===== DATA IN THIS EXERCISE
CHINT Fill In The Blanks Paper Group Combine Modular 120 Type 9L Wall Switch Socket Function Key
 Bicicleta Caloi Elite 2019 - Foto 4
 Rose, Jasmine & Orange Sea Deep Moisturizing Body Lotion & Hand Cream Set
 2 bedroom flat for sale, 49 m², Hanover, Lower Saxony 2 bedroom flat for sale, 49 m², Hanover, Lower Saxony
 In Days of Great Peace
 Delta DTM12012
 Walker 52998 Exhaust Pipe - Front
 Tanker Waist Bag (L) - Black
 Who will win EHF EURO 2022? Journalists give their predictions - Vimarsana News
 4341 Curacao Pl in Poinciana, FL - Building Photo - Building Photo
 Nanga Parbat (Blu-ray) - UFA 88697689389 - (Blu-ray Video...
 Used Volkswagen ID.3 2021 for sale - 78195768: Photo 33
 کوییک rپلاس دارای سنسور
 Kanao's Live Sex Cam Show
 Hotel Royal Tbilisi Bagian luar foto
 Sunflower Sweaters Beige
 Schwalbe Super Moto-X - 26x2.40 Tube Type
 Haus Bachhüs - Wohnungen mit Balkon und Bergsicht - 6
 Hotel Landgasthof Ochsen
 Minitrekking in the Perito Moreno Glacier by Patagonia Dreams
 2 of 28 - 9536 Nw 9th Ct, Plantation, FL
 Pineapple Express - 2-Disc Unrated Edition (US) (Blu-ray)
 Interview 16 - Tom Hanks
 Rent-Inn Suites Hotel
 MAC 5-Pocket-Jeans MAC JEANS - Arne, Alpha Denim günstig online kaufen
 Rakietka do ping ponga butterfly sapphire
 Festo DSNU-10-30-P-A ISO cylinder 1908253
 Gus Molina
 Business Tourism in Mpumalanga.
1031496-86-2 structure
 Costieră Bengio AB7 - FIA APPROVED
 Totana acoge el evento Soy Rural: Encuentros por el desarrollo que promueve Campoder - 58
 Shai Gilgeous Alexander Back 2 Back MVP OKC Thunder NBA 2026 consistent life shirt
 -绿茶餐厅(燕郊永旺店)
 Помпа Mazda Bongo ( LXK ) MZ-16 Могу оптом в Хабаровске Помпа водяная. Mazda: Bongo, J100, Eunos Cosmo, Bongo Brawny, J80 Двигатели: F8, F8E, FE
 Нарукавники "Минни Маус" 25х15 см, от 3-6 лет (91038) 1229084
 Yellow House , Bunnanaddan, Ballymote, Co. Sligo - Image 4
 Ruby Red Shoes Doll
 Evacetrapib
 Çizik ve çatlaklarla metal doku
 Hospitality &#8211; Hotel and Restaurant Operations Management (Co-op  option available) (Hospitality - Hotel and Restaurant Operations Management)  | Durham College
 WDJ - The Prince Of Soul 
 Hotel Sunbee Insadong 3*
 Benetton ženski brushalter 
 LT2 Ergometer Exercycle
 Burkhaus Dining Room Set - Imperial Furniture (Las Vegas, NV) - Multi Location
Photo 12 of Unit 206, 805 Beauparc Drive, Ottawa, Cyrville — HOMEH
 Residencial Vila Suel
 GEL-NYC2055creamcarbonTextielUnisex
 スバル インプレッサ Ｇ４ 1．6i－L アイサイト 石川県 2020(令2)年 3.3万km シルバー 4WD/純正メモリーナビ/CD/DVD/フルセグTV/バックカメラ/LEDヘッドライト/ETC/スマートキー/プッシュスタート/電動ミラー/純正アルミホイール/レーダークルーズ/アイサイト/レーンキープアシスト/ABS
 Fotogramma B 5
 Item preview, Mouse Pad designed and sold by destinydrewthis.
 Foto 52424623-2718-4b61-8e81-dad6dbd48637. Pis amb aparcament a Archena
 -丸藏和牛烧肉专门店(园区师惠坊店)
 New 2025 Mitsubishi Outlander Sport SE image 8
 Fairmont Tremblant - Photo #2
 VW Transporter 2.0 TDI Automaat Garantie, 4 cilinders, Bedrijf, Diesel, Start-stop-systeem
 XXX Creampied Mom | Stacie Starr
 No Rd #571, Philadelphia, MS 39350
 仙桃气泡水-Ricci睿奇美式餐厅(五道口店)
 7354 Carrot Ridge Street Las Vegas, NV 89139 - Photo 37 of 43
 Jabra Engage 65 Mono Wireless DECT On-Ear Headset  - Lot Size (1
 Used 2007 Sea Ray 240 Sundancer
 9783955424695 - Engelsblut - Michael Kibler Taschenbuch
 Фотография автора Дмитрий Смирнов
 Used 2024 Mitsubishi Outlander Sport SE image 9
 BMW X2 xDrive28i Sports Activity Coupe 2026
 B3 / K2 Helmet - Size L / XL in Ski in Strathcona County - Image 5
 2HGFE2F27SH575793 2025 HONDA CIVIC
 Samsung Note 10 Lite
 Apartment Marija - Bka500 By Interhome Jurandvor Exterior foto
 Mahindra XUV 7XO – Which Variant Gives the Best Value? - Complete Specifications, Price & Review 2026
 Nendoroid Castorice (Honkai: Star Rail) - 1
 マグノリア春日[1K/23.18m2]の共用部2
==========
> ASSIGNMENT
From the records, work out how many lines include "Mitsubishi" and respond with the number only.

> RESULT OF THIS EXERCISE
2